RECE after ROCK-I occurs with the use of both netarsudil and ripasudil, although the characteristics differ. The presence of corneal edema and endothelial decompensation seem to be a risk factor, and cautious use is warranted in these patients. Four clinical stages of RECE are described. ROCK-I act as a double-edged sword in patients with endothelial decompensation. Large-scale studies are required to know the exact incidence, pathophysiology, and long-term consequences of the aforementioned side-effect.
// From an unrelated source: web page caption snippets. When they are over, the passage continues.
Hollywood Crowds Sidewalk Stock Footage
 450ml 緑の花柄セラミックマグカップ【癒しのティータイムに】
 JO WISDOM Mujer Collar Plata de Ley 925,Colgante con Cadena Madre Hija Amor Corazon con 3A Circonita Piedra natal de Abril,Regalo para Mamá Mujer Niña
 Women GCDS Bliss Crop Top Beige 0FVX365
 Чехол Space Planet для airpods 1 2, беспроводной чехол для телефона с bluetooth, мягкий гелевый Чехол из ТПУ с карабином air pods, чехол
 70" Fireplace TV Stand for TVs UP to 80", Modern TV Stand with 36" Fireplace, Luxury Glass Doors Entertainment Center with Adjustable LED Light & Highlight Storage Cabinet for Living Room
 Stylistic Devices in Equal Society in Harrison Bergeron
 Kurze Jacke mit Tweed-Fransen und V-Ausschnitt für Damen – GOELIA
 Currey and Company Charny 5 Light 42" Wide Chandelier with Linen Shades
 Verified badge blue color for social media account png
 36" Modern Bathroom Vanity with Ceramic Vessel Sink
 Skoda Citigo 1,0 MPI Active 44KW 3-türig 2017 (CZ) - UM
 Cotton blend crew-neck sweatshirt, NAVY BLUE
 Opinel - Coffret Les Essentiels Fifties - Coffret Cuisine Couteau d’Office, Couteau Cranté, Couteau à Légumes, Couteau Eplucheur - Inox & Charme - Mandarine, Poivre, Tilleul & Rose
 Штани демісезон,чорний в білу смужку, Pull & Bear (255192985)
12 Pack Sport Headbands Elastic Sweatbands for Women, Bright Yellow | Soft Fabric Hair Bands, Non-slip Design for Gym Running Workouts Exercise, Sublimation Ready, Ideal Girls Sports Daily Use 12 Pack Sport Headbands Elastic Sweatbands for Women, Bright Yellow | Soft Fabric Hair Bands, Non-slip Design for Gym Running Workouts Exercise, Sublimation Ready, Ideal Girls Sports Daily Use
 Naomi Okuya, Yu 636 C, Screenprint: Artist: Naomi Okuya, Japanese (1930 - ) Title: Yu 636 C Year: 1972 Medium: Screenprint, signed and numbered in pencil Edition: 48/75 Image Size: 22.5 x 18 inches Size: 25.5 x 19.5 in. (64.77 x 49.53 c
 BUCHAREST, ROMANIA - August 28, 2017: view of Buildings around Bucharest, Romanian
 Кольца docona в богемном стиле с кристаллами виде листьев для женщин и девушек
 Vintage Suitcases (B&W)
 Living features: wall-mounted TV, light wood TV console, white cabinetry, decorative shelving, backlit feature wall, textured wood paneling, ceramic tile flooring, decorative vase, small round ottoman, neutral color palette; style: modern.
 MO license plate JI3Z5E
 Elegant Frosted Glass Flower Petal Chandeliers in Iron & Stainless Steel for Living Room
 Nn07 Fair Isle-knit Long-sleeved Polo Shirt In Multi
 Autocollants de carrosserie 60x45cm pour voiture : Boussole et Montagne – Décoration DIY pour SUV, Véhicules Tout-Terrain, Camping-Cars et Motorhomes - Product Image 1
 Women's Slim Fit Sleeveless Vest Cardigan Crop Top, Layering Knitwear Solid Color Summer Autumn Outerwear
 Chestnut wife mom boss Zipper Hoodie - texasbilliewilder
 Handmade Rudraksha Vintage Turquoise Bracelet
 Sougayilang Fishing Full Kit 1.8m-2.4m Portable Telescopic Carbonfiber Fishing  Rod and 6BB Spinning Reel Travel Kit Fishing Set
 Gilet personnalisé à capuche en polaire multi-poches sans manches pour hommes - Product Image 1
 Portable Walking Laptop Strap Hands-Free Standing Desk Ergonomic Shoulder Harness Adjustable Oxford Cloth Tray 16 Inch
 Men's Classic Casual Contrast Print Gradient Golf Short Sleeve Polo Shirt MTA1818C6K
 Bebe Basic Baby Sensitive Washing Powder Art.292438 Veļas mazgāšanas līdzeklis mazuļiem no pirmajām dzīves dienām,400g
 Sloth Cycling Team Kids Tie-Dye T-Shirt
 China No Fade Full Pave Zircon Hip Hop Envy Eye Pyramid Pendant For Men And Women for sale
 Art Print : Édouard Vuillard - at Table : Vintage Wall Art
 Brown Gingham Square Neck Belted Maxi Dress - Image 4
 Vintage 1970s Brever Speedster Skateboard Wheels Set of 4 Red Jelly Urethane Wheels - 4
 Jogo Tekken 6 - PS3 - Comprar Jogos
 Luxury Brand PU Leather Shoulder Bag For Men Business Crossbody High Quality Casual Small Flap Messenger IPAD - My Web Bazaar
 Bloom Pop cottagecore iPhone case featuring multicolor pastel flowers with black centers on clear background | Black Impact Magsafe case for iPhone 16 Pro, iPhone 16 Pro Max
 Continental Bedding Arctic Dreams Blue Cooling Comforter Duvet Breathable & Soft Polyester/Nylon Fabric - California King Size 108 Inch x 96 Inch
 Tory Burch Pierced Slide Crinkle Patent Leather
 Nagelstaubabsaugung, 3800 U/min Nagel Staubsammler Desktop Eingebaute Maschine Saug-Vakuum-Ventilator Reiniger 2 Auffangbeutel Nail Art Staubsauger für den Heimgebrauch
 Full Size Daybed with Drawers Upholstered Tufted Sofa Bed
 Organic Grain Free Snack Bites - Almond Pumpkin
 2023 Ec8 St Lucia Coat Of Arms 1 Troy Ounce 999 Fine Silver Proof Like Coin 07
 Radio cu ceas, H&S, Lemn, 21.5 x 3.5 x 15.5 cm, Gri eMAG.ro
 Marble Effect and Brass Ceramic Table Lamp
描述新型药物 Rho 激酶抑制剂(ROCK-I)-奈立定(0.02%)和利帕舒地尔(0.4%)引起的网状上皮角膜水肿(RECE)作为一种并不罕见的不良反应的临床过程、特征和结局。
这是一项回顾性观察性非随机研究。本研究纳入了 2021 年 4 月至 2021 年 9 月期间在一家三级眼科中心就诊的 11 例 12 只眼。所有 12 只眼在开始局部应用 ROCK-I 后均出现独特的蜂巢样 RECE 模式。所有患者均接受了详细的眼科检查。
8 只眼开始使用奈立定(0.02%),3 只眼开始使用利帕舒地尔(0.4%)。5 只眼有角膜水肿的既往病史。其余 7 只眼存在易引起角膜水肿的眼部合并症。RECE 发生的平均时间为奈立定 25 天,利帕舒地尔 82 天。2 只眼视力下降,4 只眼视力未受影响,4 只眼因存在严重视力损害而无法定量评估。5 只眼出现与大疱相关的眼表不适症状。停止使用 ROCK-I 后,所有眼的症状和大疱均消退。奈立定组 RECE 消退的平均时间为 10 天,利帕舒地尔组为 25 天。
使用奈立定和利帕舒地尔均可引起 ROCK-I 后 RECE,但特征不同。存在角膜水肿和内皮失代偿似乎是一个危险因素,在这些患者中应谨慎使用。描述了 RECE 的 4 个临床阶段。ROCK-I 在内皮失代偿患者中是一把双刃剑。需要进行大规模研究以了解上述副作用的确切发生率、病理生理学和长期后果。